What is being asked: I need the lines below from the one with "Bedroom in 3" down to the one with "12-18m - Charcoal Shorts" reproduced exactly, both ends included, and nothing else.

Data for processing:
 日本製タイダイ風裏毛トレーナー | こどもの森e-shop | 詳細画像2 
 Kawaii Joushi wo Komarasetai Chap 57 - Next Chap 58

==

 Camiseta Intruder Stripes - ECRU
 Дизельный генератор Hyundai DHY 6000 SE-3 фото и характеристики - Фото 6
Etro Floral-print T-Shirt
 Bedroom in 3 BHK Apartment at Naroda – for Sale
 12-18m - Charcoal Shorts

Output of the task:
 Bedroom in 3 BHK Apartment at Naroda – for Sale
 12-18m - Charcoal Shorts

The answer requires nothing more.